Take the dough out, sprinkle some flour on the counter and over the top of the dough, then knead for a few minutes.
Then put some vegetable oil or cooking spray in a bowl, and coat the dough well. Then cover it and put it in a warm place for about 45 minutes or until the dough doubles in size. I'll usually spray some cooking spray on the down side of plastic wrap so it doesn't stick to the dough. While it's rising, butter your two bread pans.

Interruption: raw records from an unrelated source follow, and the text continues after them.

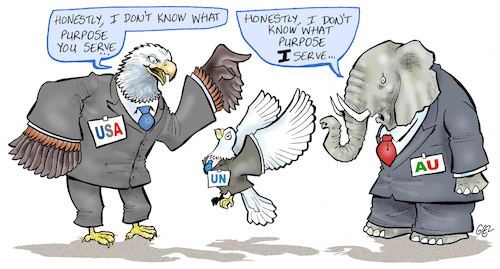 Cartoon: UN AU and USA (medium) by Damien Glez tagged united,nations,africain,union,states,united,nations,africain,union,states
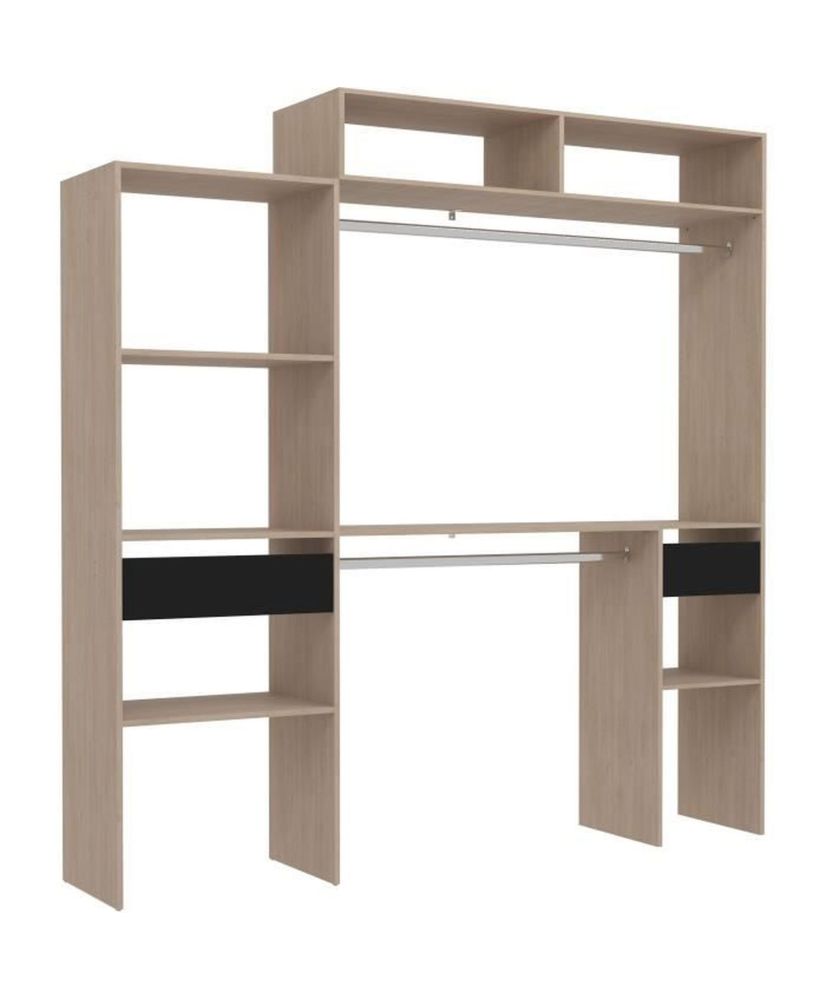ARTIC EKIPA Kit vestidor extensible - roble y negro - 2 armarios + 2 cajones + módulo adicional - 198 x 40 x 202 cm ARTIC EKIPA Kit vestidor extensible - roble y negro - 2 armarios + 2 cajones + módulo adicional - 198 x 40 x 202 cm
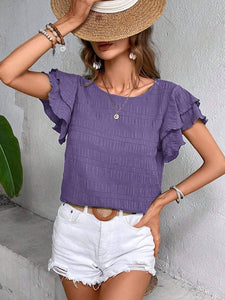 Solid Color Textured Ruffle Sleeves Crew Neck Top, Purple
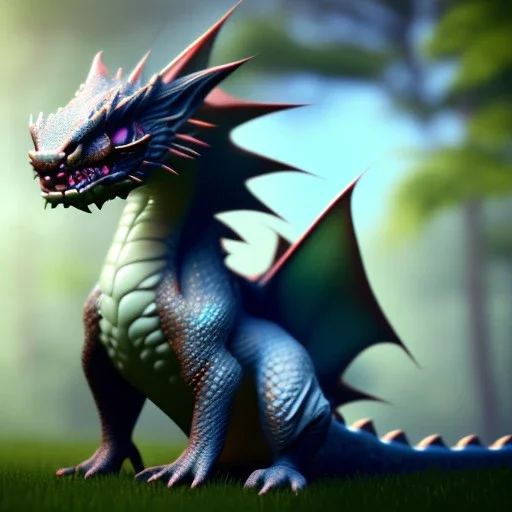 cute small dragon creature,unreal engine 5, 8k resolution, photorealistic, ultra detailed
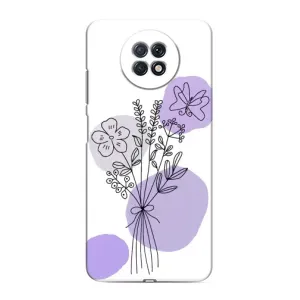 Силконовий чохол з принтом в квітах на Xiaomi Redmi Note 9T (Букет фіолетова абстракція)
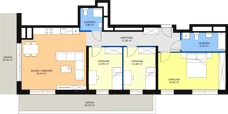4 pokoje, apartament 91,82 m², piętro 8, oferta nr H2-D-8-2, Heyki City ATAL, Szczecin, Prawobrzeże, Międzyodrze, ul. Leona Heyki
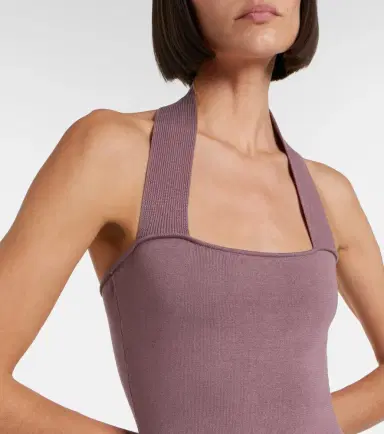 Aya Muse Lace-trimmed halterneck silk and cotton minidress | Thumbnail 4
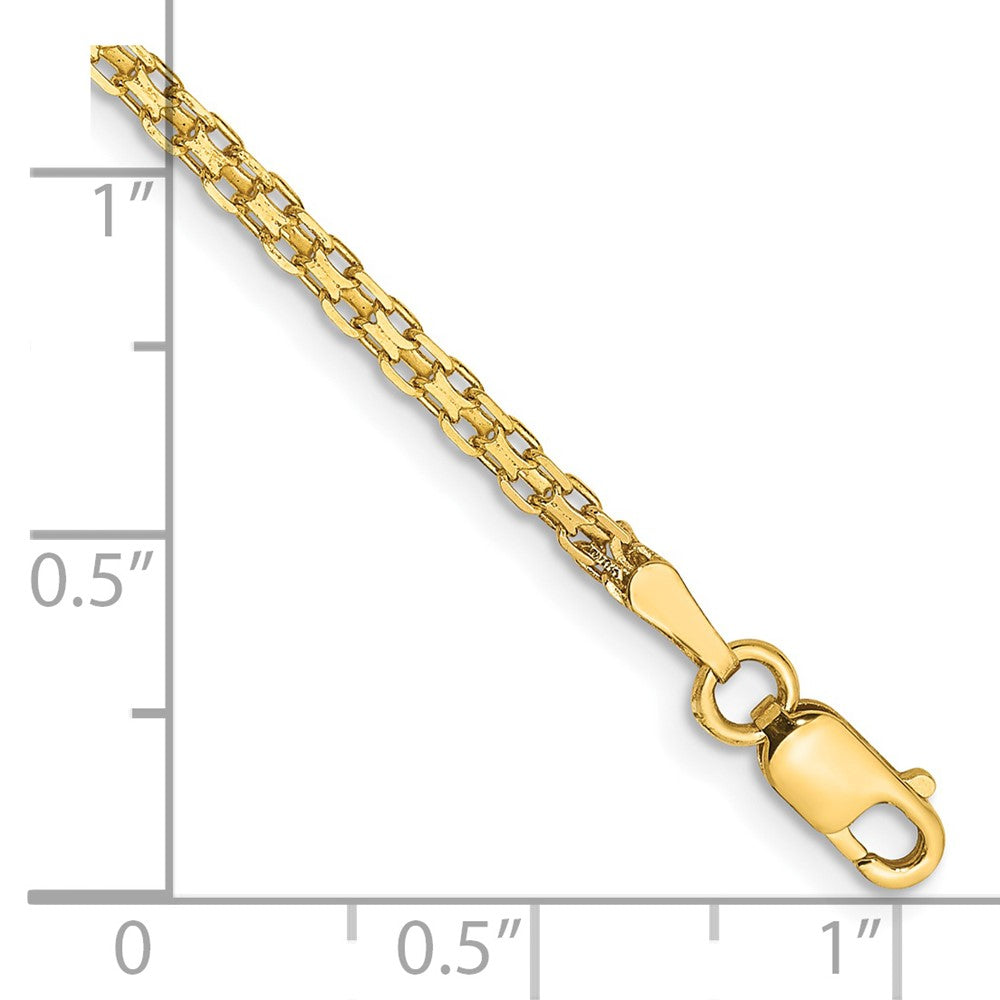 14k Yellow Gold 1.8mm Lightweight Flat Bismark Chain Anklet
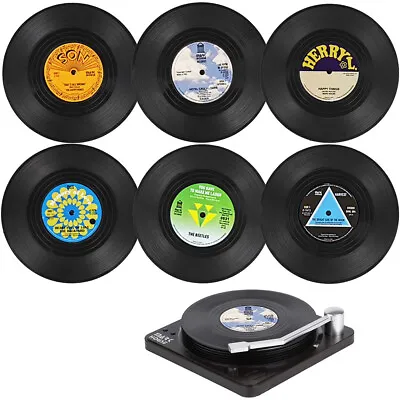 £7.99 • Buy 6pc Vinyl Coasters For Drinks Coasters With Record Player Holder Mug Pad Mat Hot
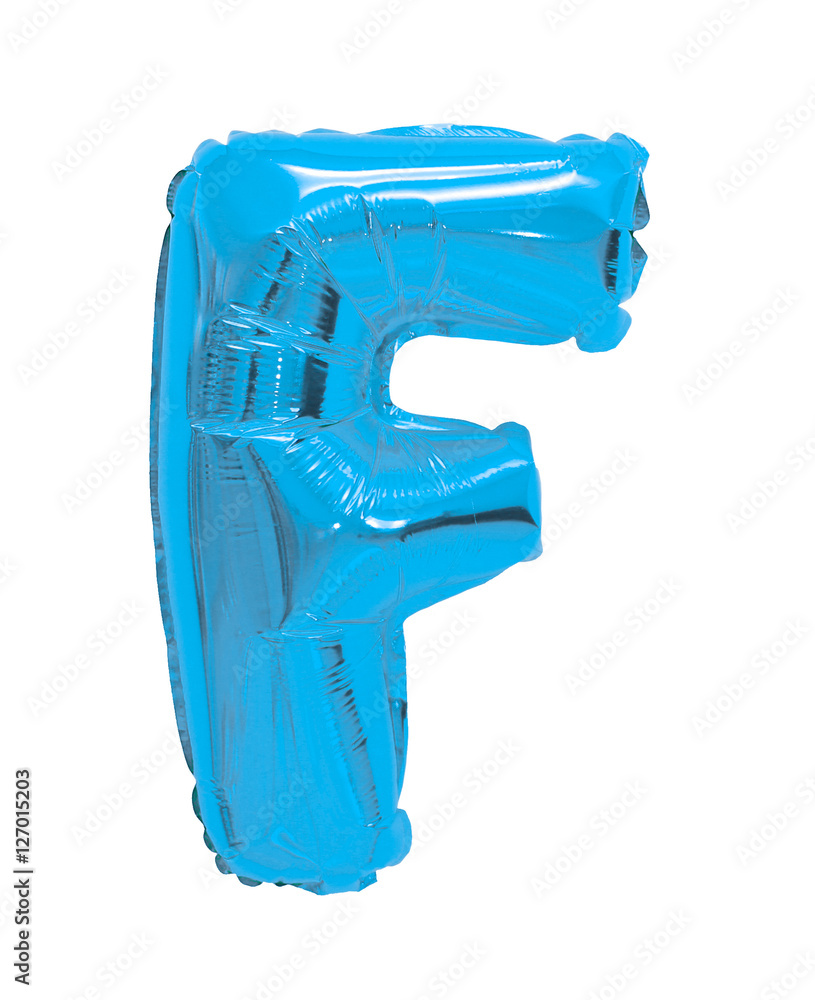 letter f from a balloon light blue letter f from a balloon light blue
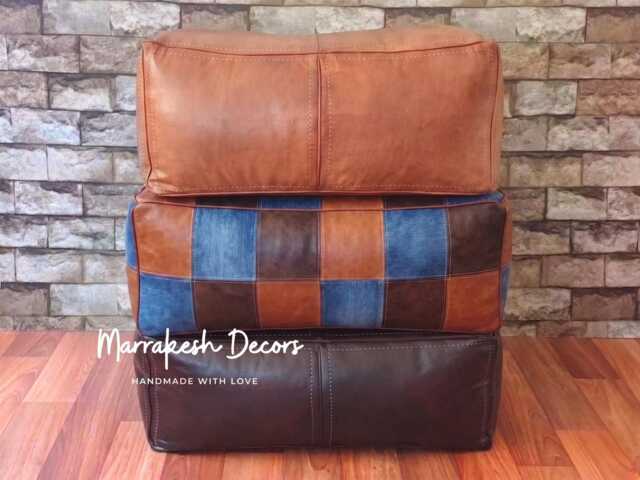 Rectangular Leather Pouf - Handmade Moroccan Rectangular Leather Pouf Ottoman , Pouf, Pouffe, Bench Pouf - image 1
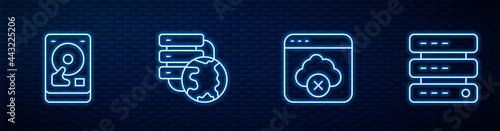 Set line Failed access cloud storage, Hard disk drive HDD, Network connection and Server, Data, Web Hosting. Glowing neon icon on brick wall. Vector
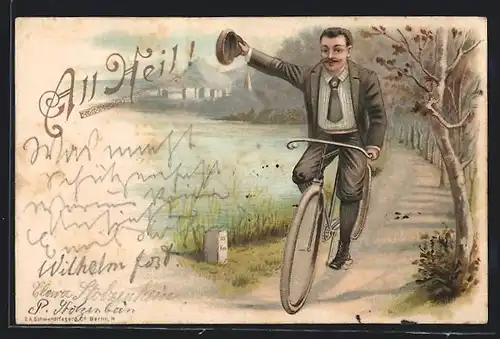 Lithographie Fahrrad 1897, Mann grüsst All Heil!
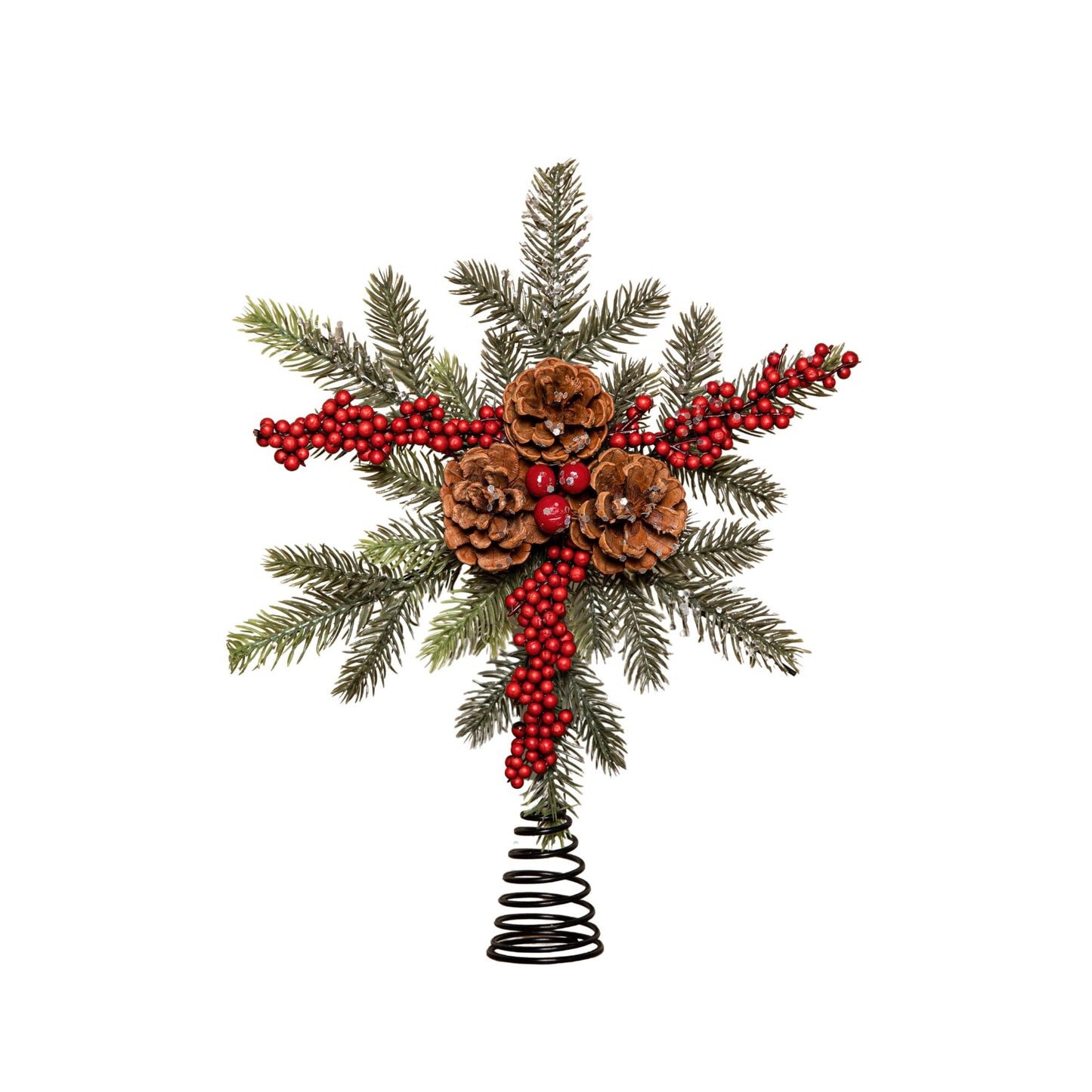 33cm Christmas Tree Topper with Pinecones, Red Berries and Frosted Seasonal Foliage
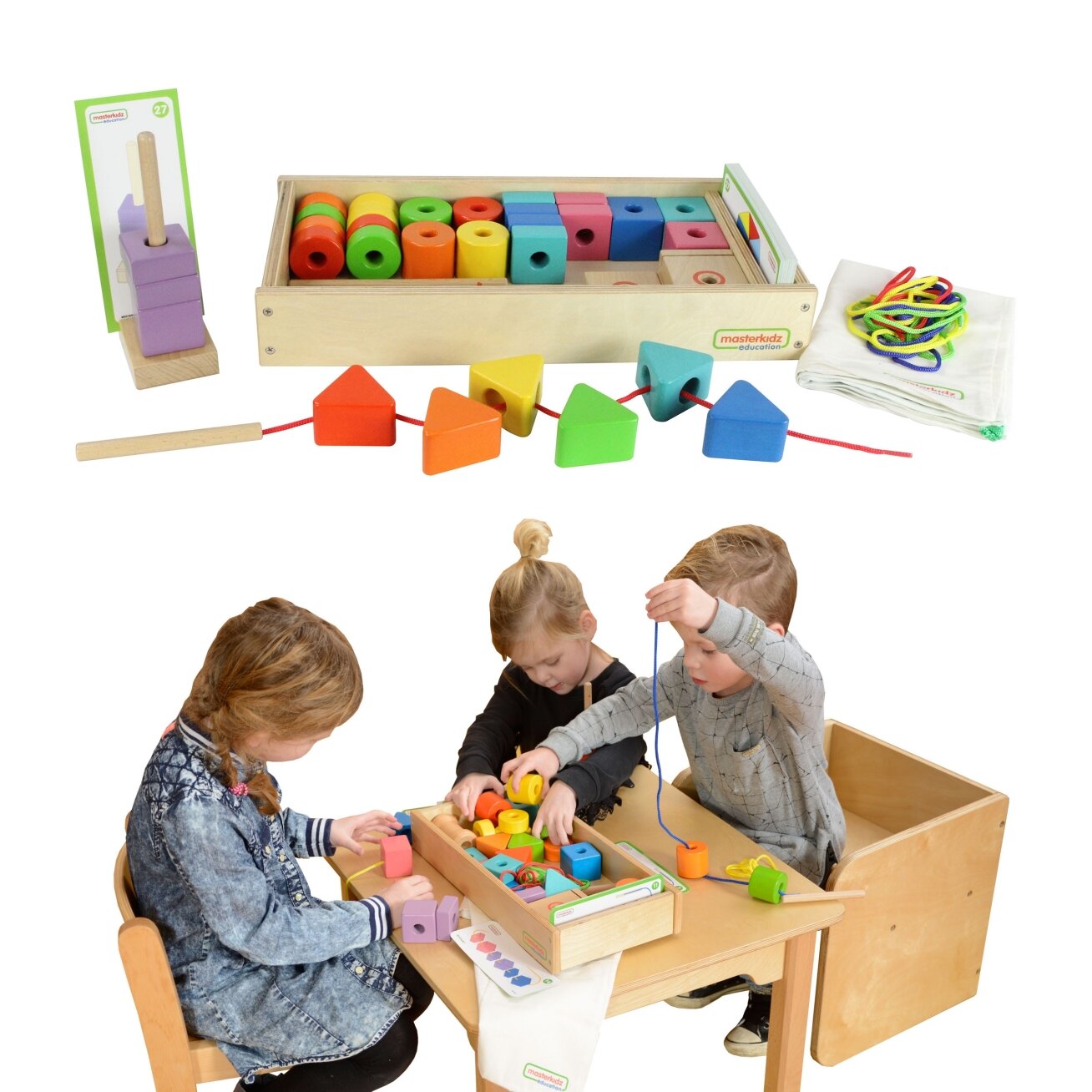 MASTERKIDZ Didelė medinė vėrimo ir suvarstymo Montessori priemonė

After the rise, split the dough in half. Take one piece and flatten it on a well floured surface. Make it into a square, but make sure it's as wide as your bread pan. Fold one side toward the middle, then take the other side and fold it completely over the rest, then pinch the crease. Fold and crease the ends, flip it into your bread pan so the crease is on the bottom. Cover it and put it back in that warm place for about 45 minutes. I let my dough rise in the oven, just having the light on will keep it at 90-100 degrees.
Preheat your oven to 425. And when you put the bread in, reduce the heat to 375 and bake for 15 minutes. Spin the pans the other way, then bake for another 15 minutes. Check the internal temperatures until it reaches 190 degrees, then they're done! Time will vary from oven to oven.
Pop the breads out of the pan to allow them to cool. Spread some butter on the top while they're still warm to give it that shiny look. And good luck getting through the cooling process because your family will devour it while it's still warm!